International Journal of
Physical Sciences

  • Abbreviation: Int. J. Phys. Sci.
  • Language: English
  • ISSN: 1992-1950
  • DOI: 10.5897/IJPS
  • Start Year: 2006
  • Published Articles: 2557

Full Length Research Paper

Text clustering on latent semantic indexing with particle swarm optimization (PSO) algorithm

Eisa Hasanzadeh1, Morteza Poyan rad2* and Hamid Alinejad Rokny3       
1Electrical and Computer Engineering Faculty, Qazvin Islamic Azad University, Qazvin, Iran. 2Electrical and Computer Engineering Faculty, Qazvin Islamic Azad University, Member of Young Research Club, Qazvin, Iran. 3Department of Computer Engineering, Science and Research Branch, Islamic Azad University, Tehran, Iran.  
Email: [email protected] or [email protected]

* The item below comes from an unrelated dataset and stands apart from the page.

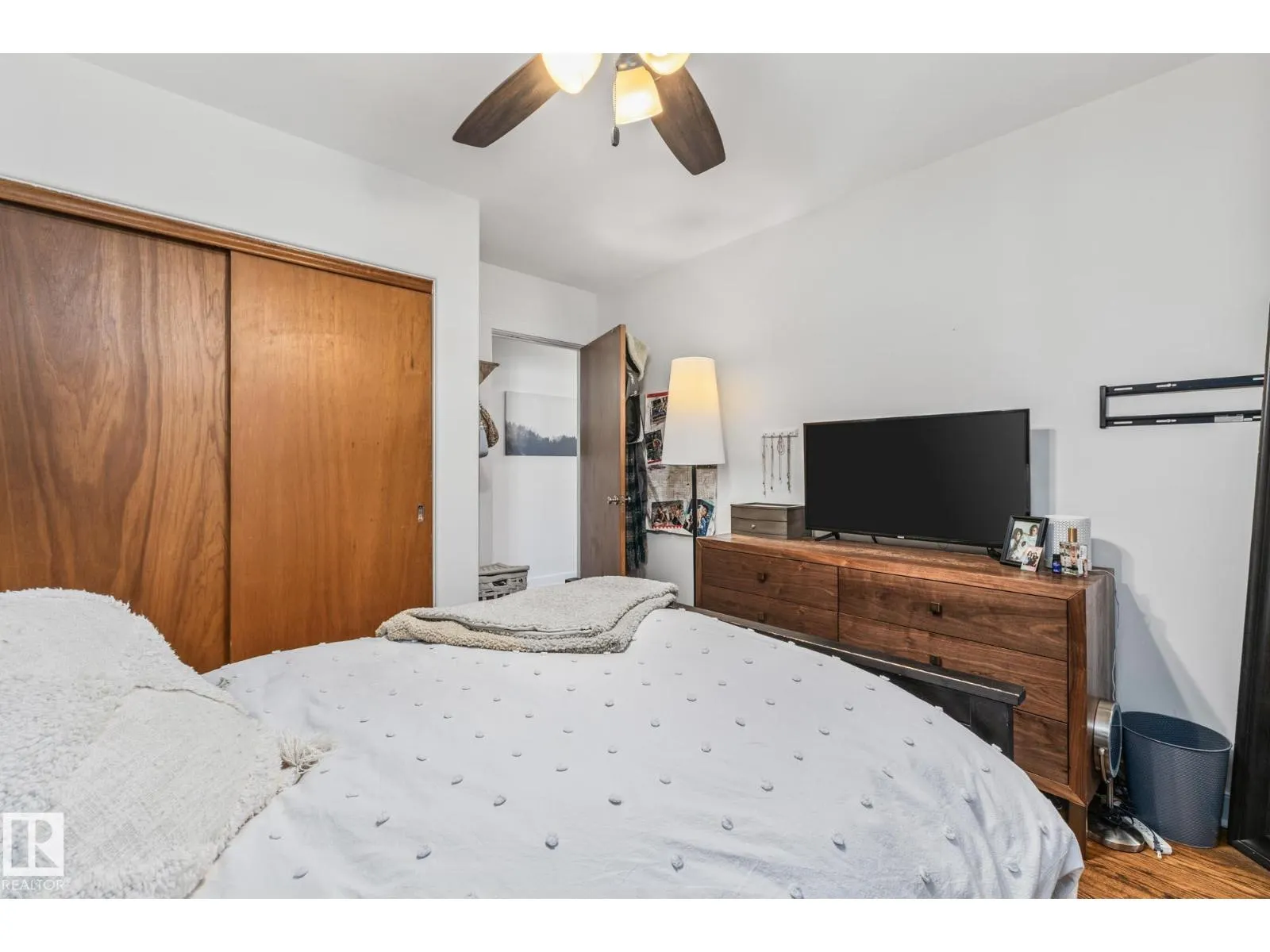 13515 124 ST NW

  •  Accepted: 16 November 2011
  •  Published: 02 January 2012


Most of web users use various search engines to get specific information. A key factor in the success of web search engines are their ability to rapidly find good quality results to the queries that are based on specific terms. This paper aims at retrieving more relevant documents from a huge corpus based on the required information. We propose a particle swarm optimization algorithm based on latent semantic indexing (PSO+LSI) for text clustering. PSO family of bio-inspired algorithms has recently successfully been applied to a number of real word clustering problems. We use an adaptive inertia weight (AIW) that do proper exploration and exploitation in search space. PSO can merge with LSI to achieve best clustering accuracy and efficiency. This framework provides more relevant documents to the user and reduces the irrelevant documents. It would be seen that for all numbers of dimensions, PSO+LSI are faster than PSO+Kmeans algorithms using vector space model (VSM). It takes 22.3 s for PSO+LSI method with 1000 terms to obtain its best performance on 150 dimensions.


Key words: Vector space model, particle swarm optimization (PSO) algorithm, latent semantic indexing, text clustering, adaptive inertia weight.